- [Directions for this task] Copy out exactly, from the entries that follow, the line holding "-築地市場食堂(松本駅前店)", the line holding "get Collin guttering quotes today", and all lines between them, but no pictures.
-- Given records follows --
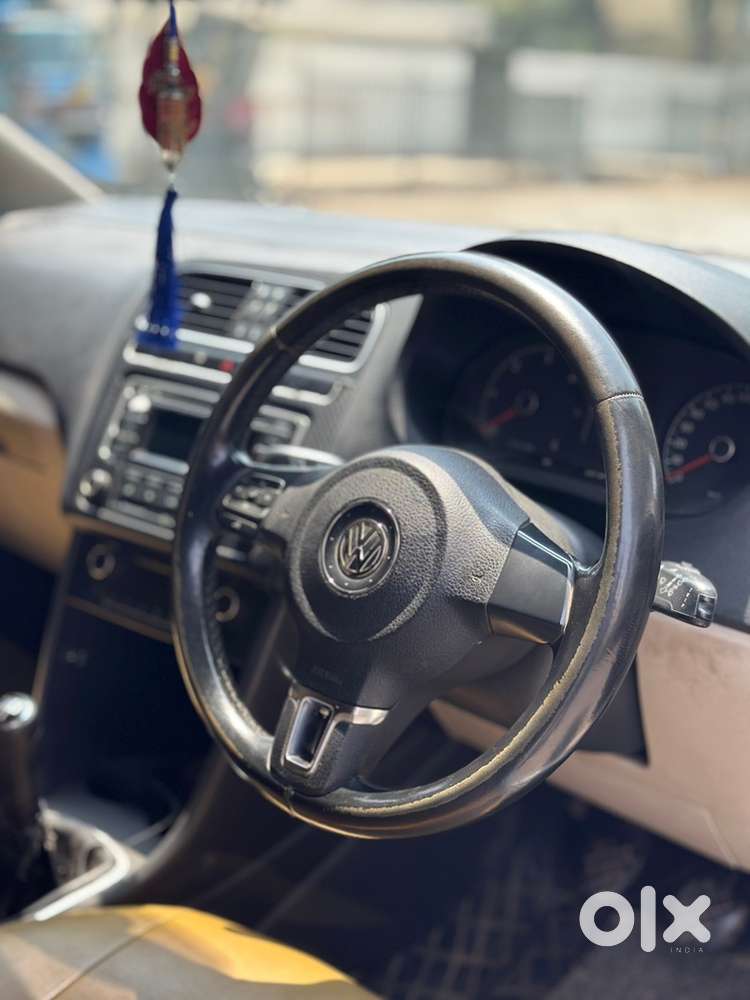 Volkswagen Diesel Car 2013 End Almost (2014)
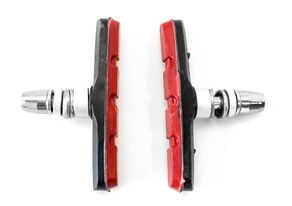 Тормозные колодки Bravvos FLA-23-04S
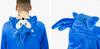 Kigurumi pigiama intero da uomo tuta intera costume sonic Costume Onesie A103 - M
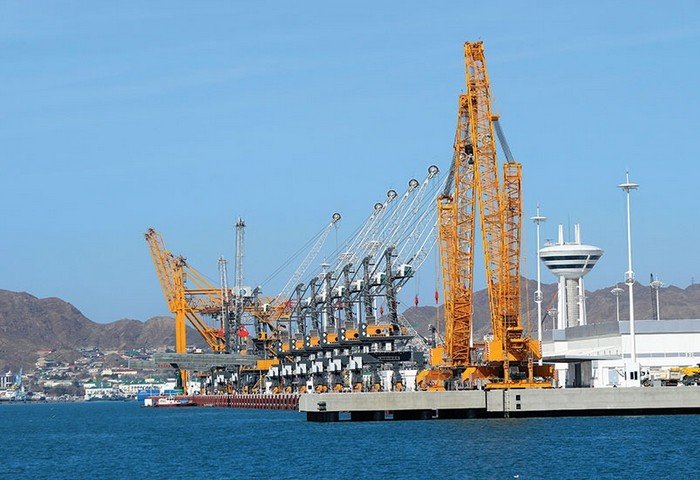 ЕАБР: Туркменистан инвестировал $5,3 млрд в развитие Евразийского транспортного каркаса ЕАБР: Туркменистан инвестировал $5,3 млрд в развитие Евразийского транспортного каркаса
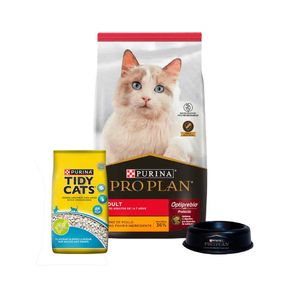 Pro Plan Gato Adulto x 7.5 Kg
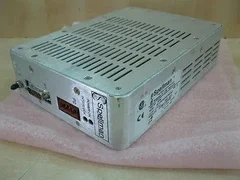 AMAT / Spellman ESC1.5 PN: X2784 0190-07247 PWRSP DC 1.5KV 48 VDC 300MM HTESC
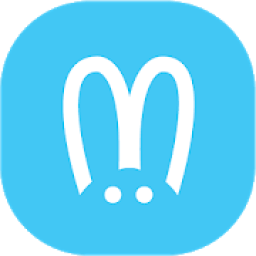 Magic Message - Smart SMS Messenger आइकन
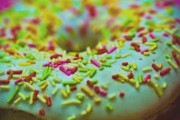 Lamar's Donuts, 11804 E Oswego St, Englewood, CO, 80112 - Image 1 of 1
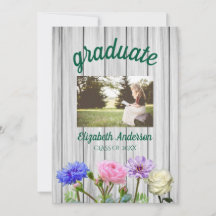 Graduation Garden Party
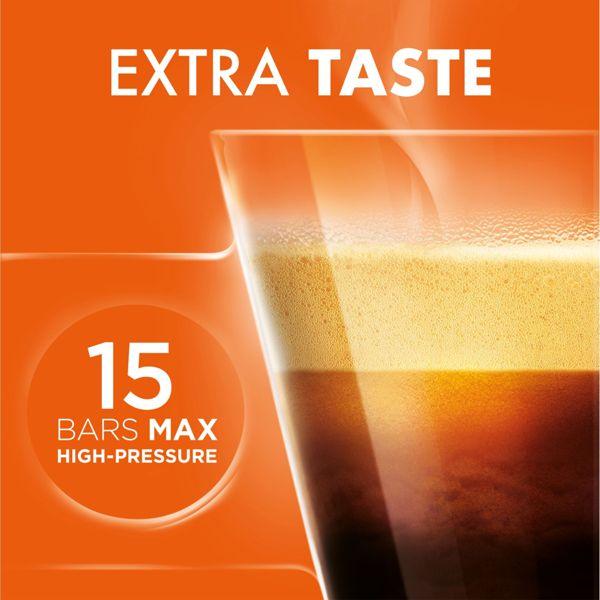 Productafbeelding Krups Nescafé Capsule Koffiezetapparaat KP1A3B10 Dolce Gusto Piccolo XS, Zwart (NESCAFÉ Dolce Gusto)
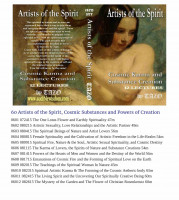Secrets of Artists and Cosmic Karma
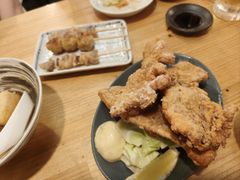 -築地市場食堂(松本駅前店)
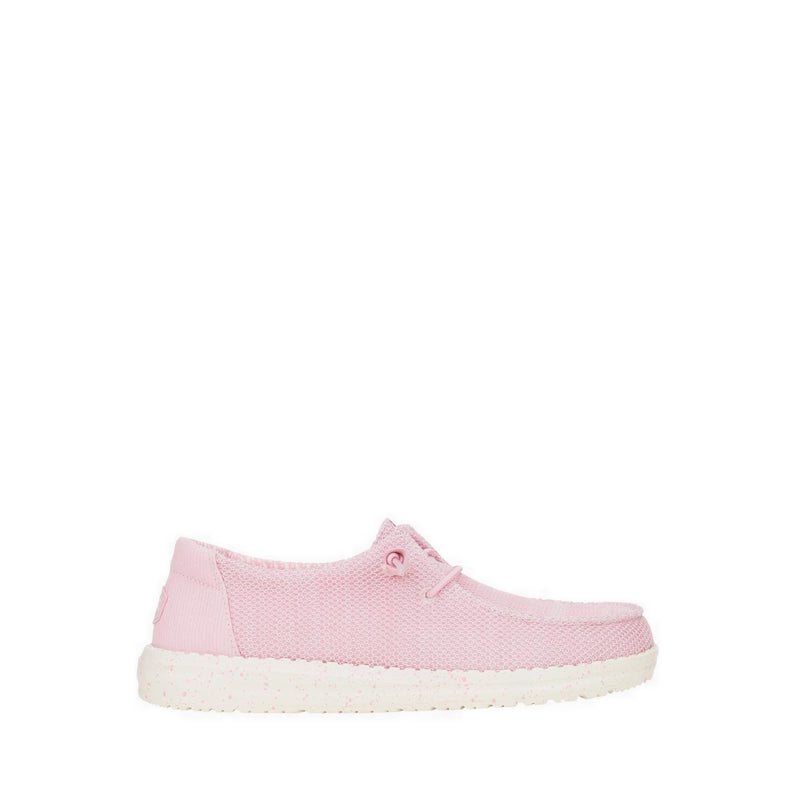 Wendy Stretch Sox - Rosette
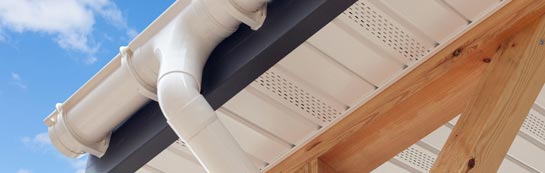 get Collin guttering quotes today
-- Given records concluded --
-- Given records follows --
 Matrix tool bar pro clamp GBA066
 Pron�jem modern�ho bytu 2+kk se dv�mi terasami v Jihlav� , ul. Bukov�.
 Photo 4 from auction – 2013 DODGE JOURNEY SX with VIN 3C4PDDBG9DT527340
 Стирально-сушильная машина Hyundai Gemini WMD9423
-- Given records concluded --
-- Given records follows --
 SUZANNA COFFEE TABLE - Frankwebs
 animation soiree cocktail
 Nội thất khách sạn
-- Given records concluded --
- [Solved exercise]
 -築地市場食堂(松本駅前店)
 Wendy Stretch Sox - Rosette
 get Collin guttering quotes today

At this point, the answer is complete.